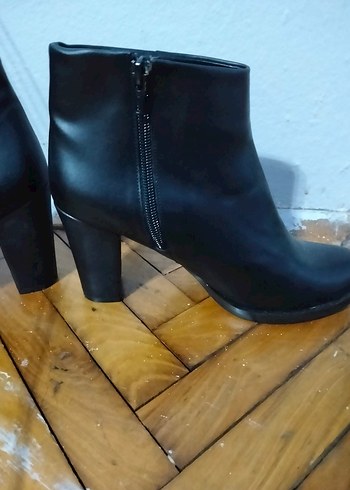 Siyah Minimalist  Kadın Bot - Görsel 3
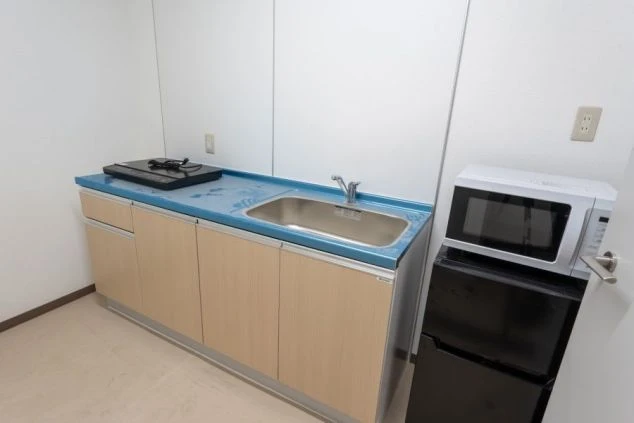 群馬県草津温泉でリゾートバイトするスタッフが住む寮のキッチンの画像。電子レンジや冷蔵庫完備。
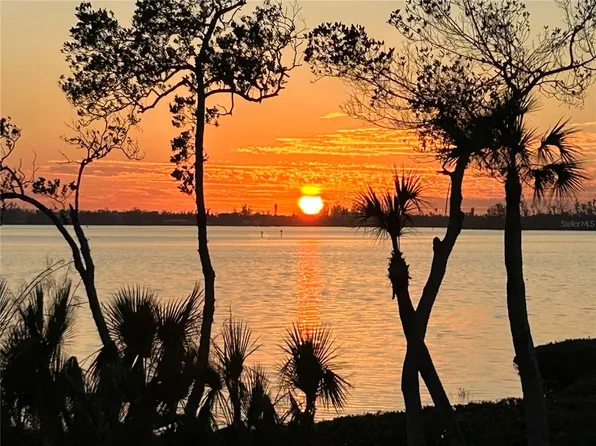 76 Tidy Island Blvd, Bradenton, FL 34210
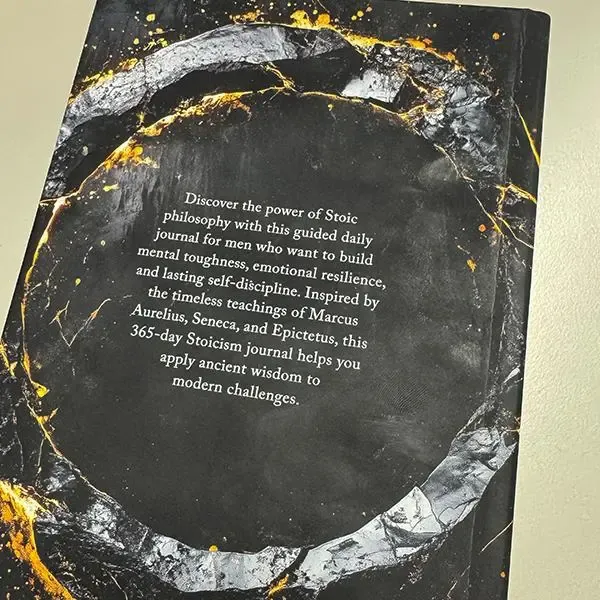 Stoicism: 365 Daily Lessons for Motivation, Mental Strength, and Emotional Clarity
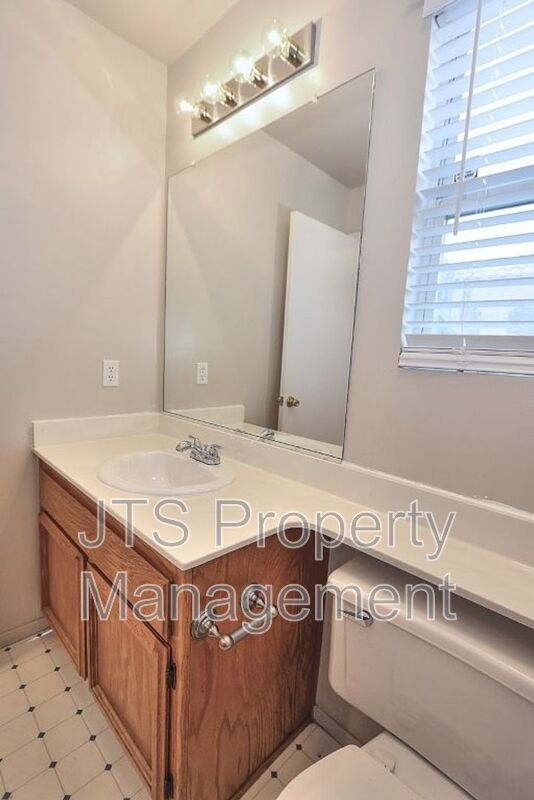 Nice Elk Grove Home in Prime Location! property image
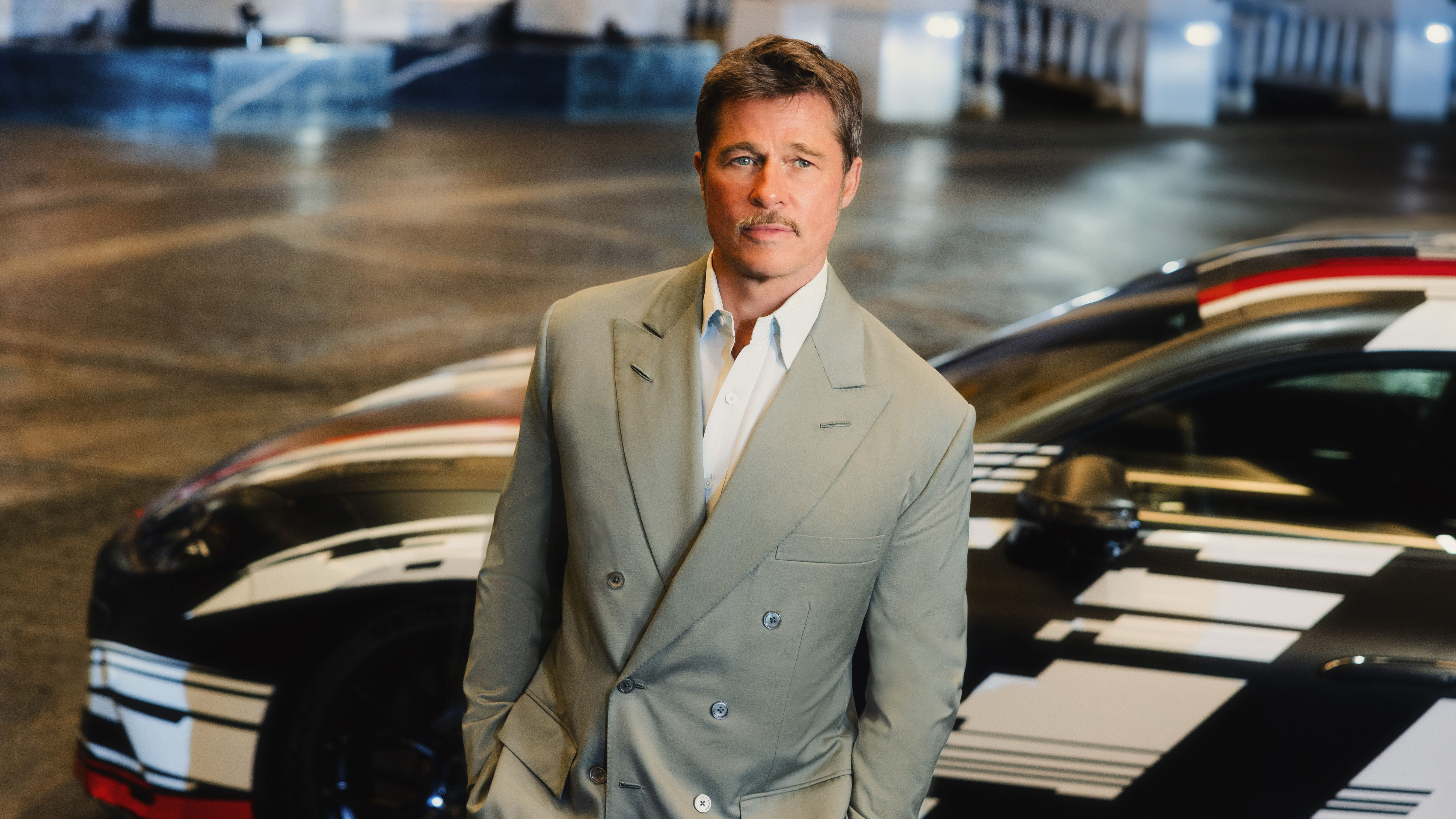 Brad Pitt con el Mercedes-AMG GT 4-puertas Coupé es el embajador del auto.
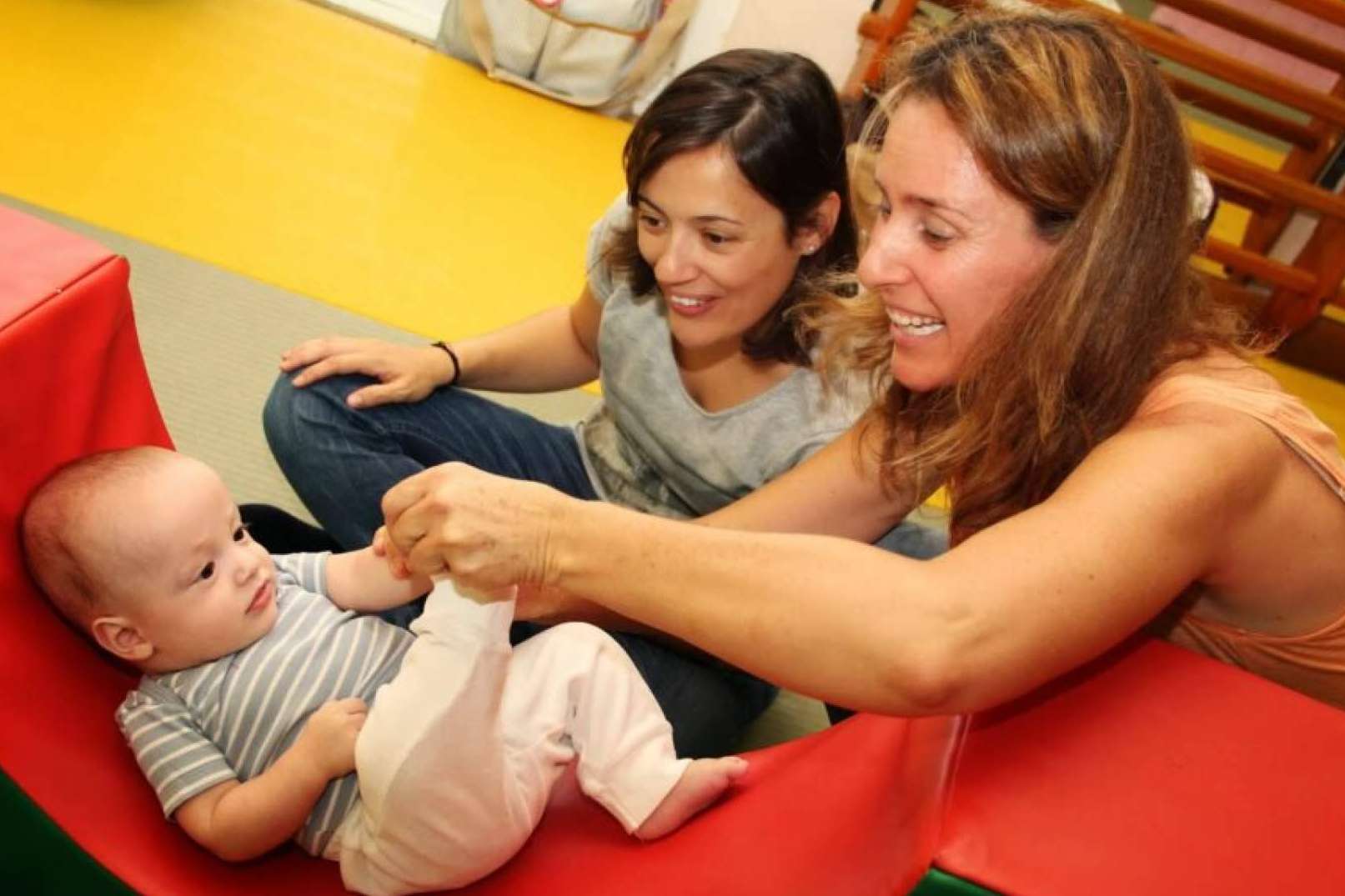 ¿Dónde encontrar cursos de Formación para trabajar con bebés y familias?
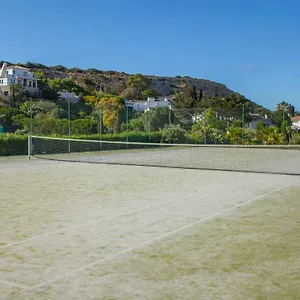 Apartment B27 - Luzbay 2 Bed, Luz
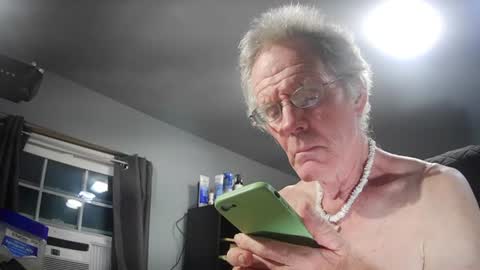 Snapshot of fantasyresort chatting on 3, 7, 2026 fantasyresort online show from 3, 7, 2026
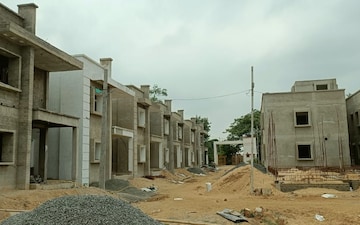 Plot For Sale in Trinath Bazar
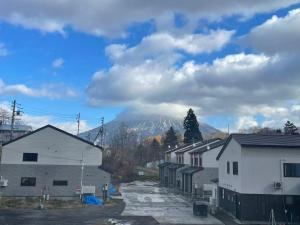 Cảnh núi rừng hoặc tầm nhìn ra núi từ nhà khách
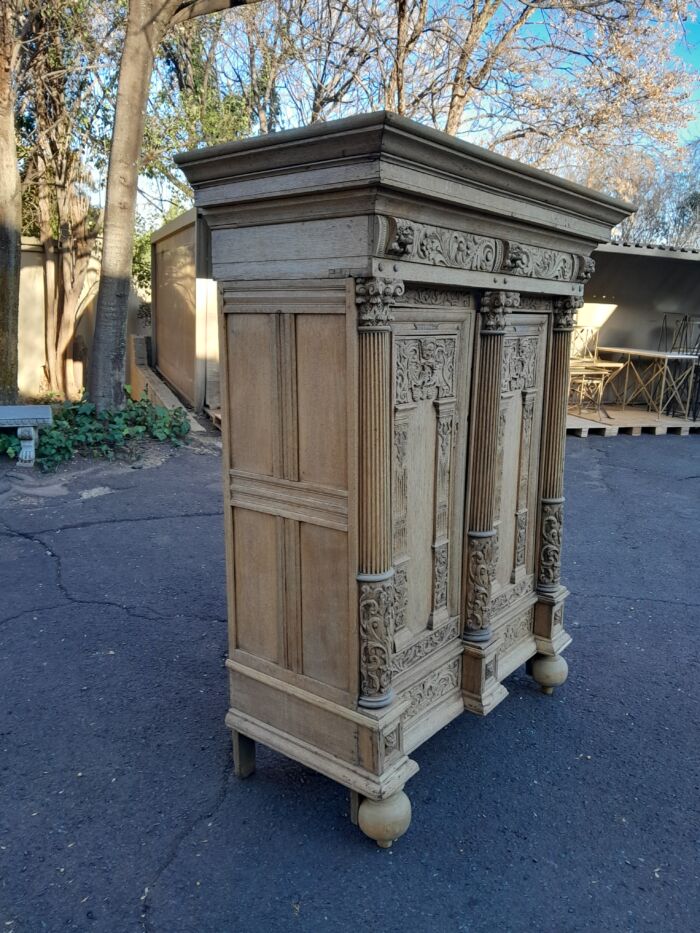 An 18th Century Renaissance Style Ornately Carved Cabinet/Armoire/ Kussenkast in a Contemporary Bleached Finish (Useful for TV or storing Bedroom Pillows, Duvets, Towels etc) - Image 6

**REQUIREMENT**: What you give back must be exactly the lines from the opening line of the entries through the line holding "Cảnh núi rừng", with no pictures.

**TASK RESULT**:
 Siyah Minimalist  Kadın Bot - Görsel 3
 群馬県草津温泉でリゾートバイトするスタッフが住む寮のキッチンの画像。電子レンジや冷蔵庫完備。
 76 Tidy Island Blvd, Bradenton, FL 34210
 Stoicism: 365 Daily Lessons for Motivation, Mental Strength, and Emotional Clarity
 Nice Elk Grove Home in Prime Location! property image
 Brad Pitt con el Mercedes-AMG GT 4-puertas Coupé es el embajador del auto.
 ¿Dónde encontrar cursos de Formación para trabajar con bebés y familias?
 Apartment B27 - Luzbay 2 Bed, Luz
 Snapshot of fantasyresort chatting on 3, 7, 2026 fantasyresort online show from 3, 7, 2026
 Plot For Sale in Trinath Bazar
 Cảnh núi rừng hoặc tầm nhìn ra núi từ nhà khách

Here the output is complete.